Exercise aim:
Starting at the line below that contains "Mama Lycha Tajadas" and ending at the line that contains "アズワン 大型ステンビーカー 50L 6-224-12 1個（直送品）", retype each line exactly as it stands, but omit the pictures.

Information supplied:
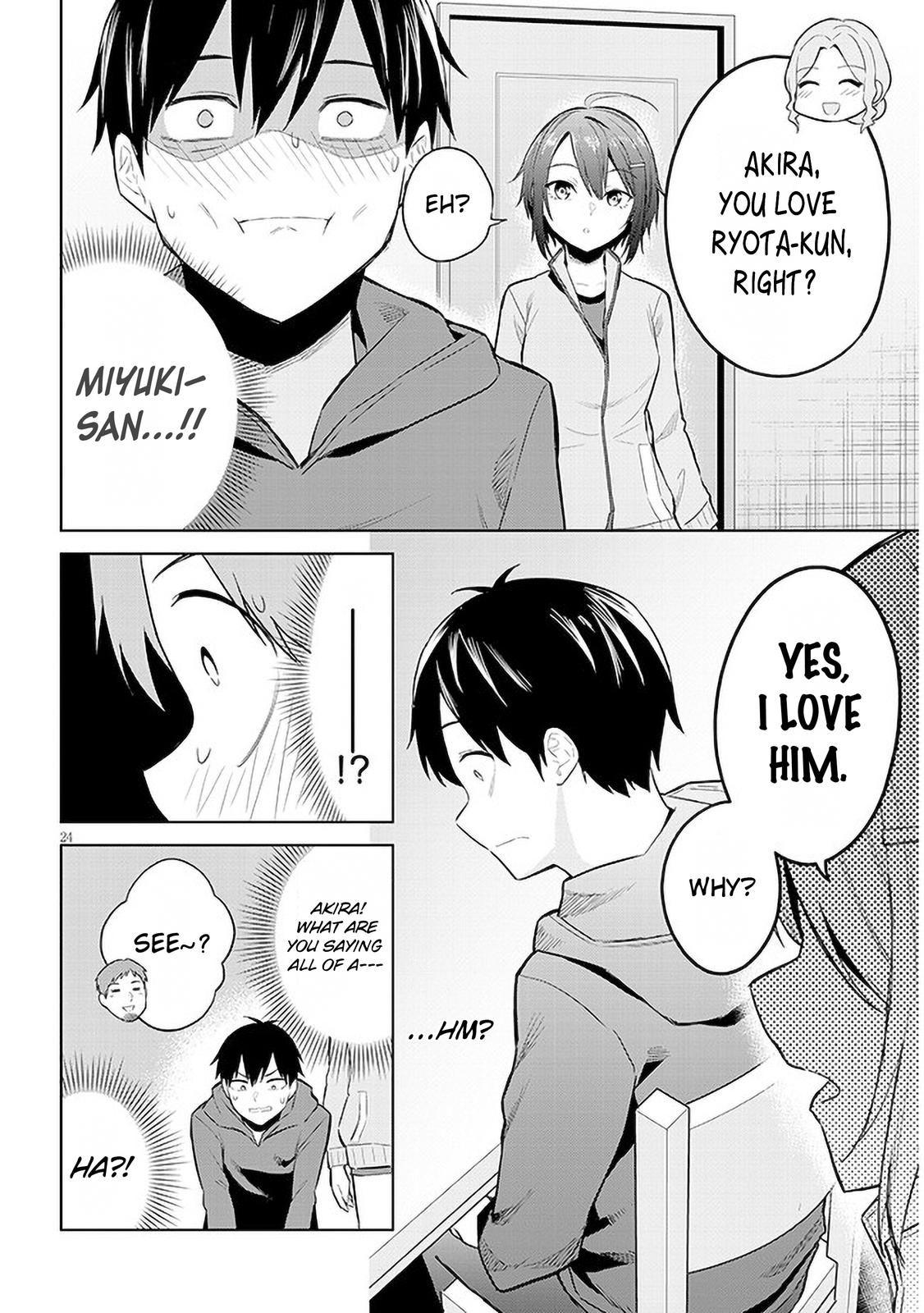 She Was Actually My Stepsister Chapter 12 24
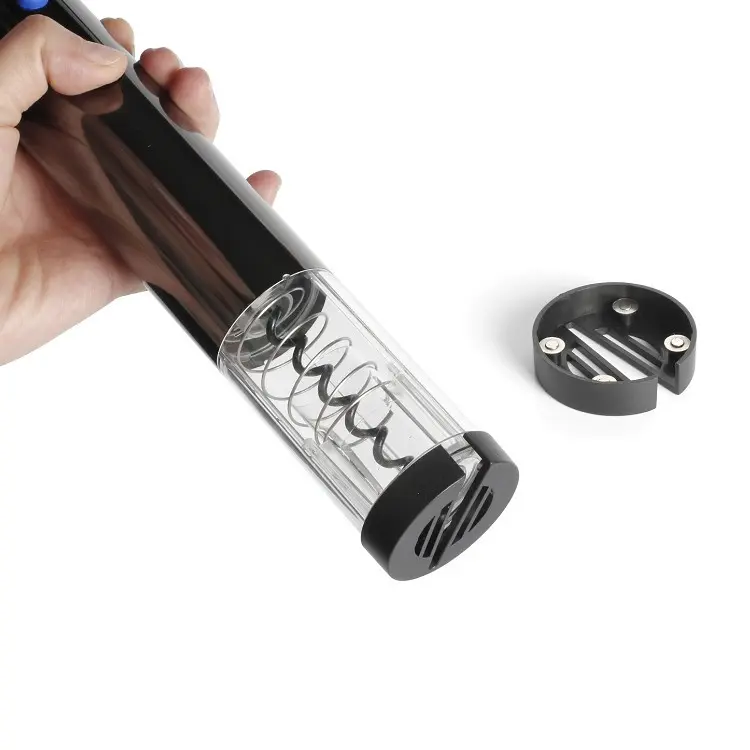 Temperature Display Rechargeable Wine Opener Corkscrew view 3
--
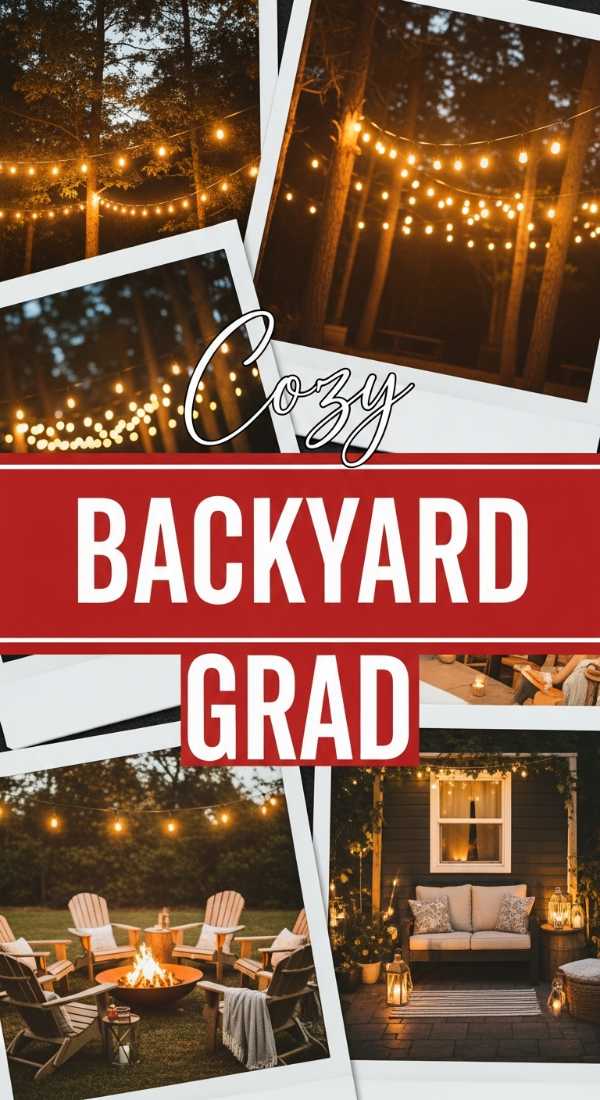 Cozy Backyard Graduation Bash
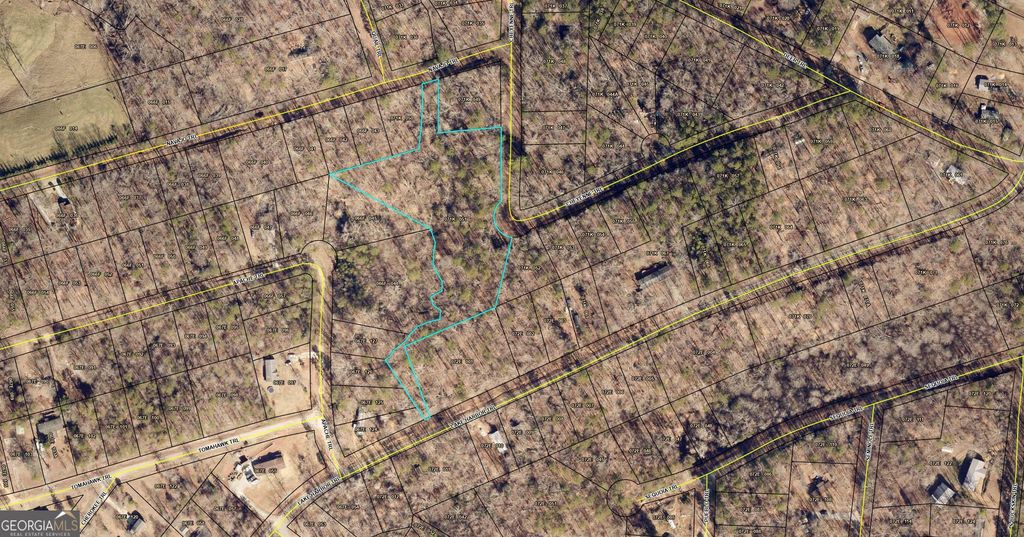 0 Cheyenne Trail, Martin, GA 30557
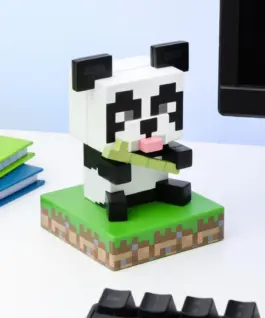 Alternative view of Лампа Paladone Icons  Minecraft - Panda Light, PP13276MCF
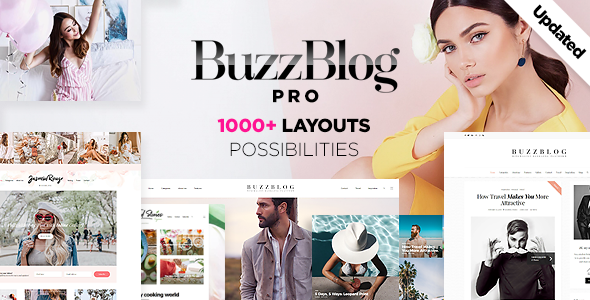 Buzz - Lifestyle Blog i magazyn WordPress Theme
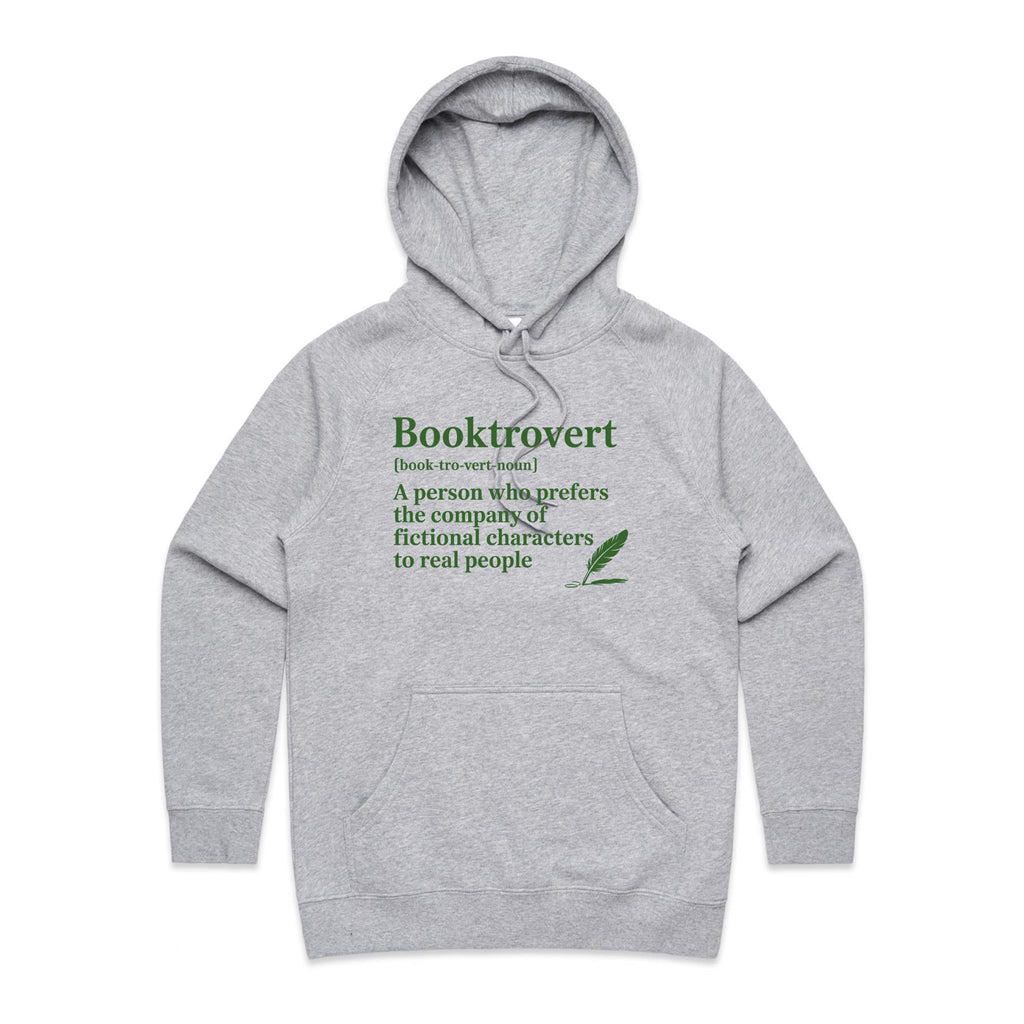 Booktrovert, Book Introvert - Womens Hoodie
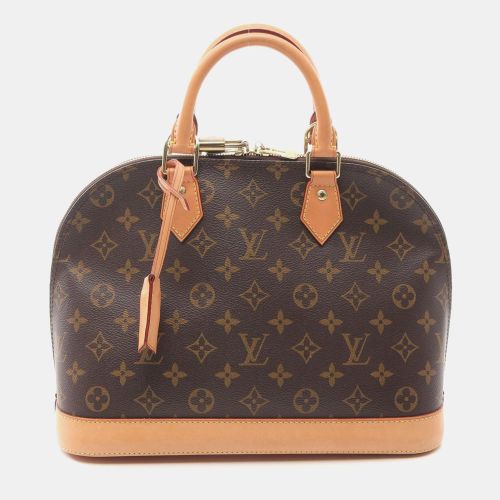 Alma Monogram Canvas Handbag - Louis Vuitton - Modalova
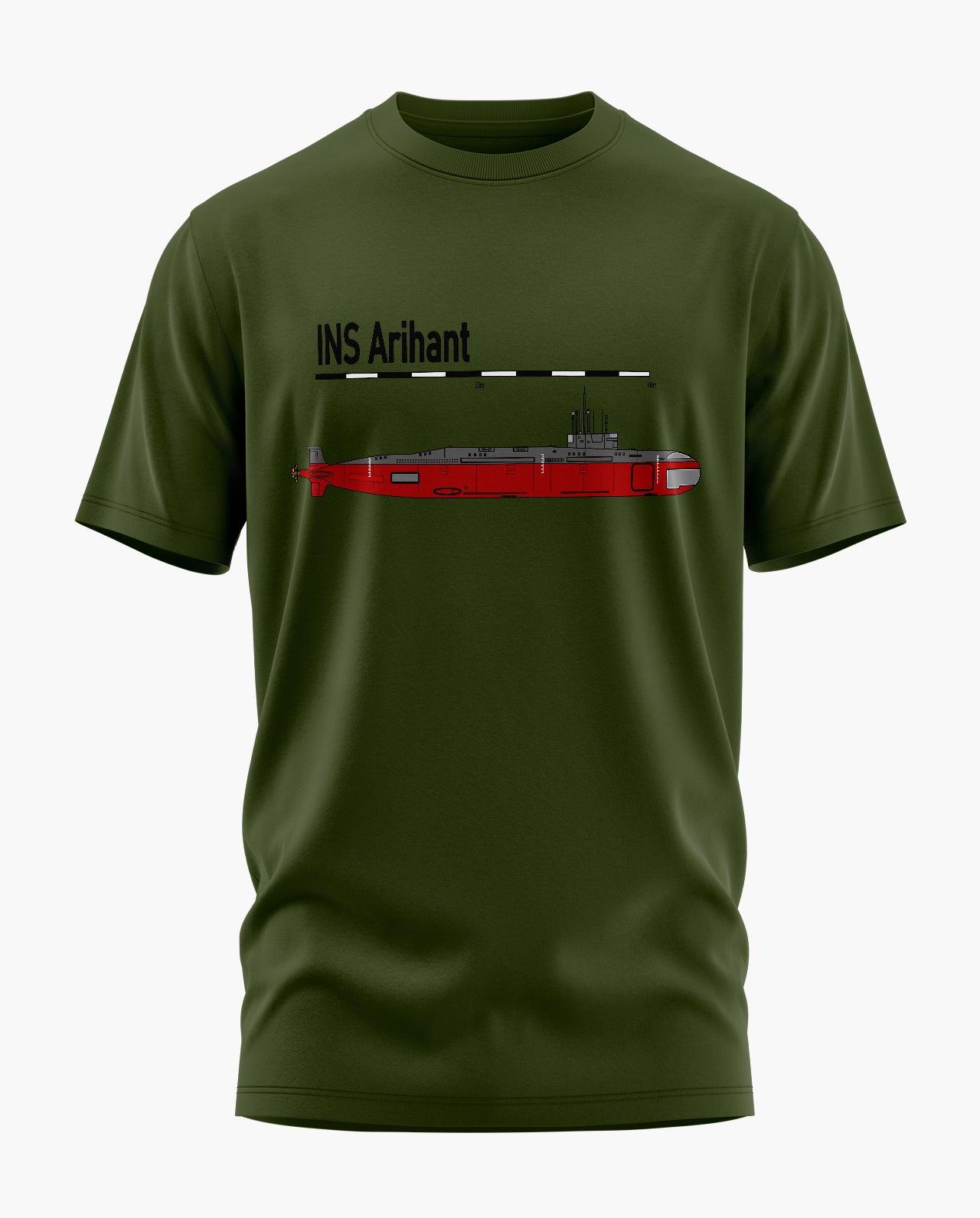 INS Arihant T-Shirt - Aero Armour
* * *
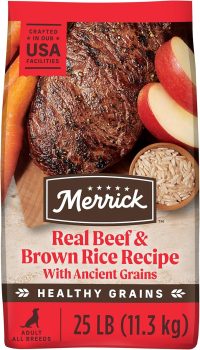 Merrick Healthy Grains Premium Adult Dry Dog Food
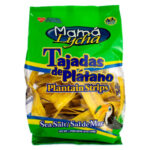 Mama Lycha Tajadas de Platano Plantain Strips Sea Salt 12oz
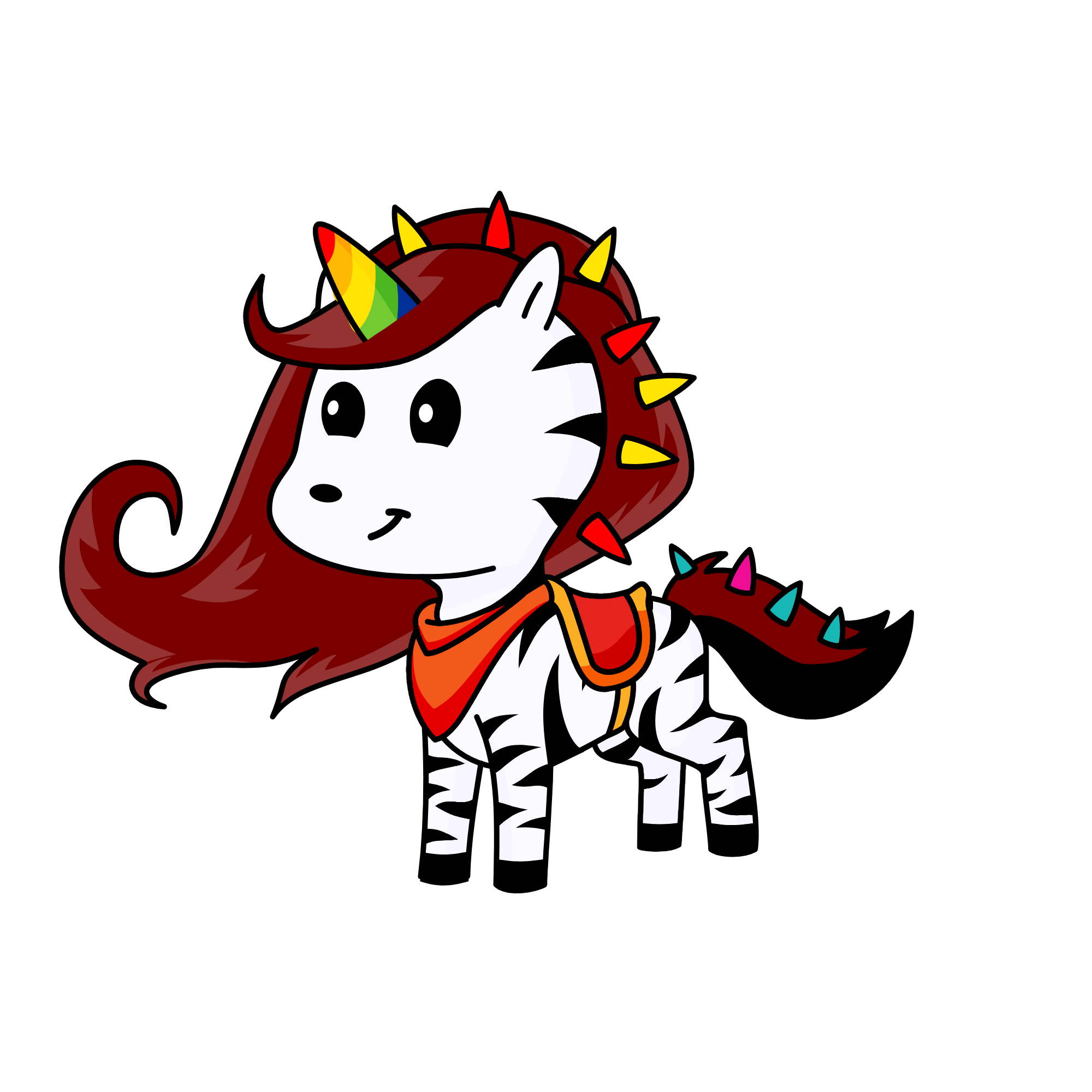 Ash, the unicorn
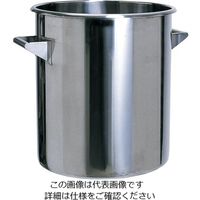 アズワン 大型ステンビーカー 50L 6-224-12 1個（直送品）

Your response:
 Mama Lycha Tajadas de Platano Plantain Strips Sea Salt 12oz
 Ash, the unicorn
 アズワン 大型ステンビーカー 50L 6-224-12 1個（直送品）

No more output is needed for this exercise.